Je soupire et passe une main sous le haut de mon petit-ami, laissant le bout de mes doigts dessiner des arabesques dans son dos. Jayce souffle et s'écarte doucement, pour que nos yeux s'affrontent. Son front se pose contre le mien, nos souffles se mélangent mais je ne suis pas attiré, je ne veux pas l'embrasser. Je veux simplement réparer son cœur brisé. Mes doigts caressent sa barbe naissante et il ferme les yeux, laissant de nouvelles larmes s'échapper. Je me mords la lèvre, sa douleur se répercute en moi. C'est horrible : j'ai l'impression de m'effondrer avec lui.

Jayce se recule alors en posant ses mains sur mes hanches. Puis en écartant un peu plus nos corps, nous empêchant de nous toucher. Un froid s'installe entre nous, ses yeux restent fermés. Il m'échappe, je le sais. Je le sens. Et c'est désagréable. Je serre les dents, me retiens de parler. C'est son histoire, c'est à lui de parler, de raconter ces mésaventures, de m'expliquer tout ceci. Il souffle,plante ses pupilles dans les miennes et je me fige.
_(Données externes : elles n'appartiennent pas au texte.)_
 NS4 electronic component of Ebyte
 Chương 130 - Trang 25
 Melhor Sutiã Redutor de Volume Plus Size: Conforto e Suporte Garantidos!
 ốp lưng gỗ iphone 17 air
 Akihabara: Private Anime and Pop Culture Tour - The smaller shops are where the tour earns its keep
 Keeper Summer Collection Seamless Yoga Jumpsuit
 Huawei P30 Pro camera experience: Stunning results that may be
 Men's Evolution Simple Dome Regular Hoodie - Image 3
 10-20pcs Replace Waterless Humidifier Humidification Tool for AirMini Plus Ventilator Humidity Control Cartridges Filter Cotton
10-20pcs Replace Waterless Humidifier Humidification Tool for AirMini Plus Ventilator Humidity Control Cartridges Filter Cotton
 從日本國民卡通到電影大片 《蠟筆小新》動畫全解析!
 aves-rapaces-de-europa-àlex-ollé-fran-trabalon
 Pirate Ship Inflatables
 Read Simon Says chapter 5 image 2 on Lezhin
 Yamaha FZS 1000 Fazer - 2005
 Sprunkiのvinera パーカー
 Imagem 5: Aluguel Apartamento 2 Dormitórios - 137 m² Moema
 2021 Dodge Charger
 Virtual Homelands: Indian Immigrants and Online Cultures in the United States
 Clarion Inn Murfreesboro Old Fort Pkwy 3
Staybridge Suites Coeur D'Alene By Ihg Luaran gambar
Toute la colère, toute la rage, l'horreur et la haine se reflètent dans son regard. Je ne lui avais jamais vu ce visage. Il brûle de l'intérieur, il est prêt à détruire n'importe quoi ; la moindre chose se trouvant sur son chemin serait exterminée. Inconsciemment, j'ai un mouvement de recul. Mon pied part en arrière et le temps s'arrête. Jayce se brise sous mes yeux. L'éclat que j'ai aperçu si souvent quand il souriait, riait en notre compagnie se volatilise. Son visage prend une dizaine d'années d'un coup. Ses épaules s'affaissent. Ses yeux se ternissent. Son âme disparaîtrait presque.

Je tente d'attraper sa main, de le ramener sur Terre, de lui montrer que je suis là. Mais cette fois, c'est à lui de reculer. J'inspire,retiens mes larmes. Il fait de même. Aucune parole échangée, aucun mot prononcé. J'ai la sensation de voir le monde s'effriter de seconde en seconde sous mes pieds, sous nos pieds. Ses yeux sont toujours aussi envahi de sentiments néfastes, de haine et de colère. Je ne pensais pas qu'il gardait autant au fond de lui. Mais aujourd'hui, j'ai en face de moi un nouveau Jayce, bien plus mystérieux, bien plus ténébreux. Mais il n'est pas attirant. J'en arriverai presque à le fuir.